Secretary General Irwin LaRocque said in a statement that feedback from town hall meetings held in more than a dozen countries so far has indicated that the secretariat should be upgraded from its civil service supportive-type role to one with “super national authority” to make the headquarters body more effective and efficient in looking after the business of the region. “In short we are changing the way we do business.”

“The problem remains that regional leaders have been unwilling to cede any of their powers or authority to the secretariat and this has been seen as one of the reasons behind the poor implementation of CARICOM decisions. Instituting change is never easy and is more difficult if it is attempted in the face of entrenched attitudes and structures,” he said a recent town hall meeting at the University of the West Indies. The team is currently in the Bahamas and was scheduled to head to St. Kitts later this week.

CARICOM was established in July 1973 but its daily operations have been known to be plagued by a secretariat that does not have enough clout and the sloth in getting political leaders to support the work of technocrats in Georgetown.

LaRocque and a team from the secretariat and the region are moving around the Caribbean seeking opinions on how to improve operations at the secretariat and in the entire trade bloc following the submission of a report of the secretariat’s weaknesses from a team of consultations at the half-yearly leaders’ summit in Suriname early last year.

He argued that unless the secretariat gets some form of super-national authority, poor implementation of decisions made by leaders conferences and from ministerial meetings will be the order of the day, since the secretariat does not have the clout to take decisions and have to wait on the regional political directorate for guidance.

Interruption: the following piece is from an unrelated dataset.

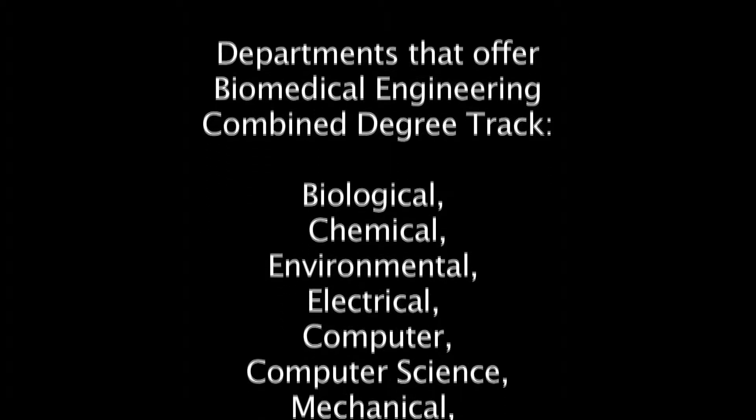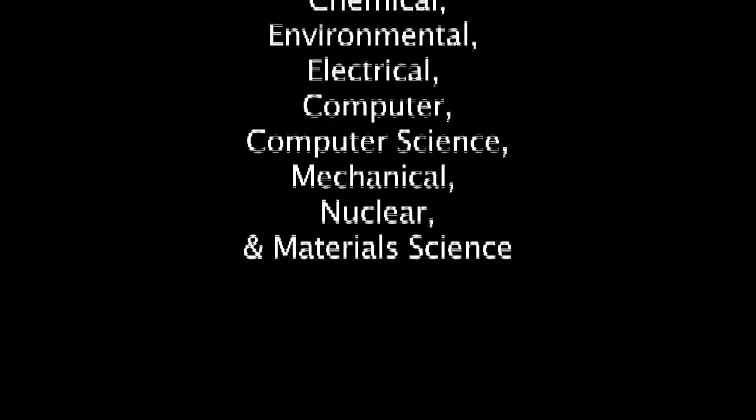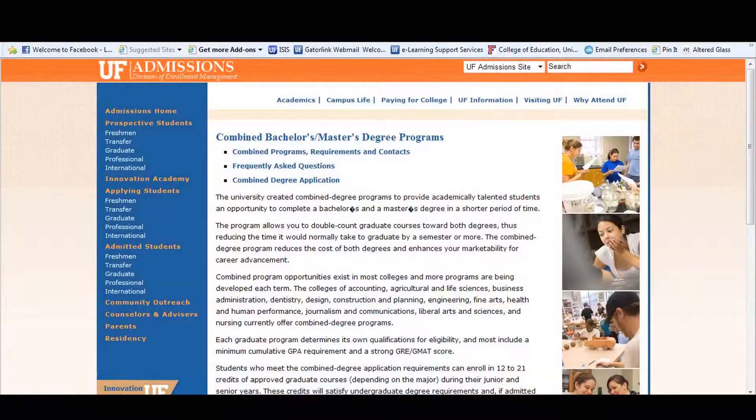We spend a lot of time talking with other departments to make sure students have another place to go. For example, we have several four-plus-one combined degree programs with agricultural and biological engineering, electrical engineering, and mechanical engineering. I'm a fourth-year biological engineering major also pursuing a combined degree in biomedical engineering.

The consultations come as governments, civil society groups and regional nationals have been complaining about declining interest in regional integration and the slow pace of implementation of decisions made by the political directorate.

LaRocque said that despite this, the consultations revealed the need for improved air- and sea-transport in the region, for hassle-free air travel and the ability of professionals and ordinary Caribbean nationals to move freely among countries without problems from immigration and customs officials.

“It is clear from the consultations, that the people of CARICOM remain committed to realizing the potential of our integration movement, our single but diversified space, and even eventually our United States of the Caribbean, as it has been described in some of the consultations,” he said.